L’esperta sottolinea poi l’importanza del coinvolgimento della famiglia nel percorso educativo. «Solo grazie alla collaborazione di mamme e papà è possibile trasferire la strategie di questo approccio nel vissuto quotidiano dei loro figli, in modo che sappiano aiutarli a esprimere con sempre maggiore sicurezza idee e stati d’animo, fino a sentirsi non più estranei ma padroni del loro ambiente di vita».

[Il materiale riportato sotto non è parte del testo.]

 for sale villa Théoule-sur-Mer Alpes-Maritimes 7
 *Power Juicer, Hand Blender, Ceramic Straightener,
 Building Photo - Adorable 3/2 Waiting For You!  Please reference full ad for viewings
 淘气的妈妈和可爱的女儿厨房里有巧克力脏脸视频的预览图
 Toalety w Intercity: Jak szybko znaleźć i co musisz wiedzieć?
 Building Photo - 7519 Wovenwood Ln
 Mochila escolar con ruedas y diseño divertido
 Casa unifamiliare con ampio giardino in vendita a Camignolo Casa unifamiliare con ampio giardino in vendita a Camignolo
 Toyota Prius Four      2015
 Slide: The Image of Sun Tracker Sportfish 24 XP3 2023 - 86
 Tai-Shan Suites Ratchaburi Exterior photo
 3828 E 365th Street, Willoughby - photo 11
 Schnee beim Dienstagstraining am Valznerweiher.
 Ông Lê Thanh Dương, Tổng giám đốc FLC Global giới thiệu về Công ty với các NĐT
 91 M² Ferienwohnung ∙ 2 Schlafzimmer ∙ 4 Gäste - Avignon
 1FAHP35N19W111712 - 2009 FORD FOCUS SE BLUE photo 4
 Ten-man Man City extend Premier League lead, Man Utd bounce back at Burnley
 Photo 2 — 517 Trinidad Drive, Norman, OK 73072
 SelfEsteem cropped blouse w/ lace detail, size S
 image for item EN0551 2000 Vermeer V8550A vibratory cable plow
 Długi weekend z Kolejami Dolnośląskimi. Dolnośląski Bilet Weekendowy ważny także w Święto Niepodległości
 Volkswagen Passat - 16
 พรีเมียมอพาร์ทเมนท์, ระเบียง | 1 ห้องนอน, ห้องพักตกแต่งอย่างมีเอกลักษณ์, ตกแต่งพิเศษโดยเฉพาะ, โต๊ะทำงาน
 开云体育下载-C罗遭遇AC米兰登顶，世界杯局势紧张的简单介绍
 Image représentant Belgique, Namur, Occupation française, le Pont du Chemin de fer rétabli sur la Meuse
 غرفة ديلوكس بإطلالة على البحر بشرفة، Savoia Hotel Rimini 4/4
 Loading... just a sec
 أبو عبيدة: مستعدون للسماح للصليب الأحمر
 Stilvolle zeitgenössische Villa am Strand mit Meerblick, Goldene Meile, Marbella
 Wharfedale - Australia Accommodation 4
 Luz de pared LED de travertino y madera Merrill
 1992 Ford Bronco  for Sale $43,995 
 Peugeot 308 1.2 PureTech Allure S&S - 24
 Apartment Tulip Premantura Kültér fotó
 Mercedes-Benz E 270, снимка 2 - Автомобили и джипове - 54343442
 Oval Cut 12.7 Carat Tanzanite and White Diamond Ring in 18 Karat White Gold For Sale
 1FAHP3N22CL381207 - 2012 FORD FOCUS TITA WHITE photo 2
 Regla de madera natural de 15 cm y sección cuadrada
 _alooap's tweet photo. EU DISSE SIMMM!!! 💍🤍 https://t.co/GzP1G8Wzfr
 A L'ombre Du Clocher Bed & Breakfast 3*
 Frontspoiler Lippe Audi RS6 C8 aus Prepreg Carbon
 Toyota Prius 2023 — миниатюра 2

Il mondo in cui Dimitri vuole imparare a vivere davvero è fatto di luci ma ancora di molte ombre, a cominciare dalla scuola, il vero anello debole del sistema. Lo testimonia con amarezza la sua mamma. «Ora frequenta la prima media e al momento non c’è alcuna presa in carico, non c’è un insegnante di sostegno specializzato che lo segua e non si è nemmeno creato alcun rapporto con i compagni. Un nuovo vuoto dopo la bella esperienza di inclusione iniziata alla scuola dell’infanzia e alla primaria». Ornella dice di sentirsi spesso stanca. «Poi guardo Dimitri e lo vedo sorridere sempre, anche mentre entra a scuola. E allora penso che in tutto questo deve esserci per forza un senso, un dono che devo proteggere. Così riprendo la mia battaglia per il suo futuro. Non posso arrendermi. Devo portarlo sulla luna, voglio portarlo dappertutto».